Vermögensstrafe

Die Vermögensstrafe wurde 1992 als § 43a StGB in das deutsche Strafgesetzbuch eingefügt. Sofern ein Straftatbestand als Sanktion eine Vermögensstrafe vorsah, konnte das Gericht nach dieser Vorschrift neben einer lebenslangen oder zeitigen Freiheitsstrafe von mehr als zwei Jahren auf Zahlung eines Geldbetrages erkennen, dessen Höhe durch den Wert des Vermögens des Täters begrenzt war.

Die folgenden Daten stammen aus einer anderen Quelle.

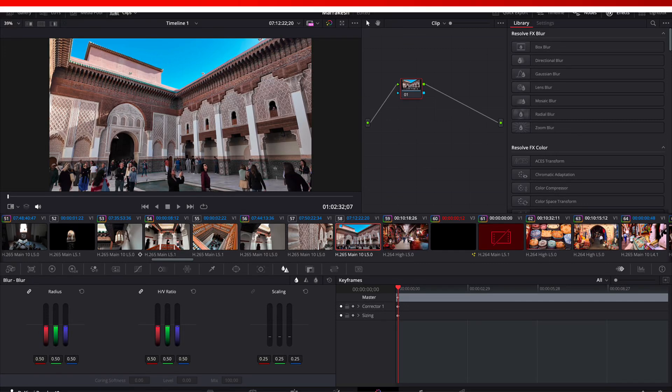In today's video I want to show you how you can do some sharpening in DaVinci Resolve. This is applicable to the free version of DaVinci Resolve, so this is a nice and easy method. The actual Studio version does have its own dedicated sharpening module, but if you just have the free version, this method works well.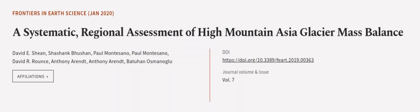This article was authored by David E. Sheen, Shashank Bouchan, Paul Montesano, and others.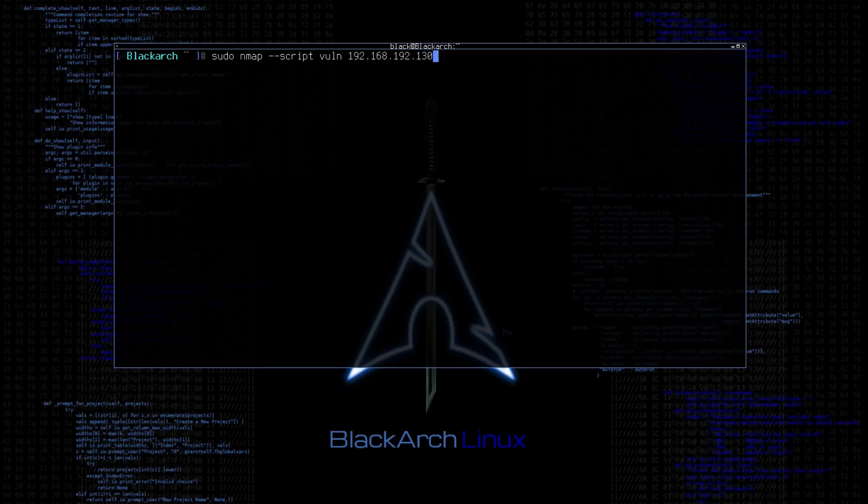Now, to use the scripting engine of Nmap, you need to specify it with the dash dash script tag, then type the name of the script. In our case, we want to use all the vulnerability scripts, and for that, Nmap has vuln, so specify that as well, and then type the IP address.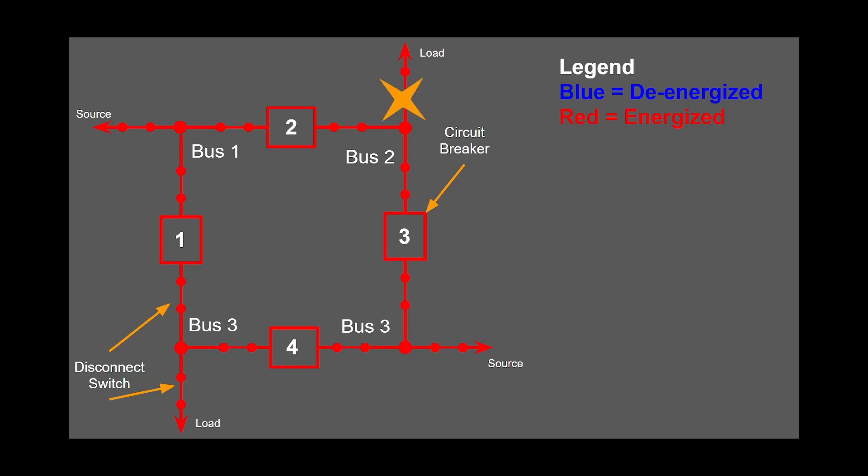If we were to have a fault on the line between breakers two and three, then breakers two and three would trip and this would isolate the fault, and the other three lines could still operate.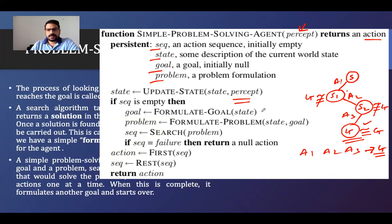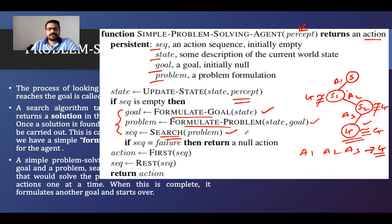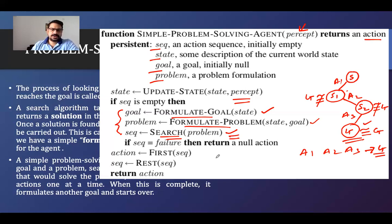How to formulate the problem, how to formulate the goal, and how the searching algorithm works are not defined in this algorithm — we will see those one by one. We have different searching algorithms: informed search and uninformed search. In the uninformed search category we have many searching algorithms; in the informed search category we also have many. In the next two or three classes we will see these searching algorithms, which give us the set of action sequences to help us achieve the goal.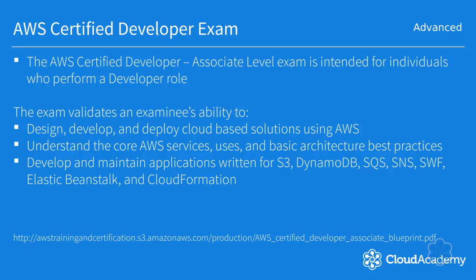Understand the core AWS services, uses, and basic architecture best practices. Develop and maintain applications written for S3, DynamoDB, Simple Queue Service, Simple Notification Service, Simple Workflow Service, Elastic Beanstalk, and CloudFormation. For me, this is the most clear exam blueprint released by AWS for any of the associate exams.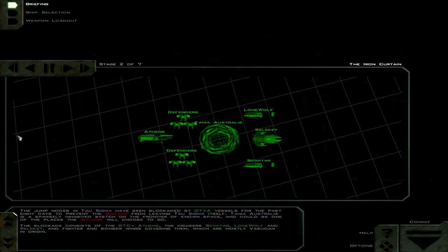The blockade consists of the GTCV Athens, the cruiser Scimitar, Lone Wolf and Seleket, and fighter and bomber wings covering them, which are mostly Basudin in origin.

Ziel der Vermögensstrafe war vor allem die Sanktionierung derjenigen Täter, die in Verbindung mit der Organisierten Kriminalität standen. Während bei einem Verfall (siehe Verfall) für die Entziehung der Vermögenswerte der Nachweis erbracht werden muss, dass das betroffene Vermögen aus einer Straftat stammt, sollte die Vermögensstrafe unabhängig davon verhängt werden können, ob das Vermögen rechtswidrig oder rechtmäßig erworben wurde.

Das Bundesverfassungsgericht hat jedoch die Regelung des § 43a StGB wegen Verstoßes gegen den Bestimmtheitsgrundsatz aus Art. 103 Abs. 2 GG für verfassungswidrig und damit als nichtig erklärt, sodass diese Vorschrift keine Anwendung mehr findet.